自分はもう十分にインプット・アウトプットしているか、毎日自分が立てたプランに沿って勉強できているかをもう一度振り返ってみましょう。

以上の4つのヒントをうまく実行すれば、確実に上達します。今回紹介した学習のヒントは、日本語の学習のみならず、あらゆる学習に役立つでしょう。

たくさんの体験と共有が重要

私たちは何も持たずにこの世に生まれ、何も持たずにこの世を去ります。私たちの唯一の財産は、私たちが経験したことです。 それが私のマインドセットなので、積極的に新しいことを体験していきます。

 私は「やらない後悔よりやる後悔」という言葉がとても好きです。倫理や法律に違反したり、人に危害を加えない限り、何かやりたいなという気持ちがあればすぐに行動してみます。

 修士課程の勉強や課外活動、時には朝から夜遅くまで働き、毎日大変そうなのにどうしていつも明るいのか不思議だと、よく友達に聞かれました。

 それは、自分の好きなことをやっていて、「体験」という資産を積み上げていく感覚を楽しんでいるからなのです。若くて、エネルギー満タンな時期を活かして、たくさんのことを体験していきたいと思っています!失うものが少ない若い時は、失うことをあまり恐れず、色々なことを精一杯体験してみてくださいね。

 そして留学中に経験したことも、将来の貴重な経験や財産になります。奨学金をいくつかもらっていましたが、それでも一生懸命にアルバイトをしていました。牛丼屋、うどん屋、コンビニ、お弁当工場での仕事から、国際交流協会の相談員、警察や弁護士の通訳、NHK放送局、ベトナム語講師、大学のTAなど、様々な仕事を経験しました。

 今まで経験したアルバイトのおかげで、私は大きく成長できたと思っています。学校では、難易度の高いソフトスキルをたくさん身につけました。奨学金をもらって経済的に余裕がある人でも、経験を積むために少なくとも1つは仕事をしてみてくださいね。

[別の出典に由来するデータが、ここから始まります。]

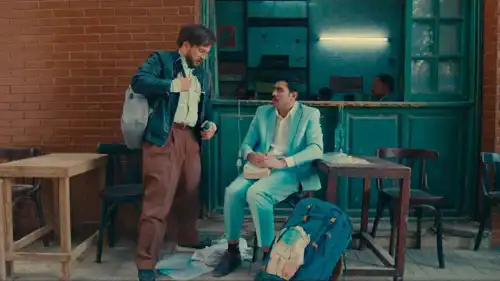 جانب من مسلسل "فخر الدلتا"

 そして、今まで自分が体験できたことをFacebook Page「ランと日本の話」を通じて1人でも多くの後輩に共有し、皆さんに刺激を与えられればと思います。私が知っていることや経験してきたことは、長年日本に住んで働いてきた多くの先輩たちに比べたら大したことはないかもしれませんが、人にはそれぞれ独自の旅、独自の経験があると思っています。それは時に他の人の助けになることができます。なので、他の人を助けたいという気持ちがあったら、ぜひあなたの経験を共有してみてください。「シェアする」という行動を通して、たくさんの良い関係に出会えるでしょう。

メッセージ

 これまで私自身の体験談やメッセージをたくさん共有したので、この最後のメッセージでは、最も皆さんに伝えたいことを3つお話ししたいと思います。

 1. 自分を信じましょう。たとえ拒絶されたり、少々困難な状況であっても、自分を否定せず、簡単に諦めないでください。

 2. 積極的にたくさんのことを体験しましょう。経験は私たちの財産です。

 3.自分が学んだことや蓄積した経験を、積極的に他の人に共有しましょう。与えたり受け取ったりすることは、人生をより豊かにする意味があります。

 常に自分を信じて、日本で達成したい目標に向かって全力を尽くしてください。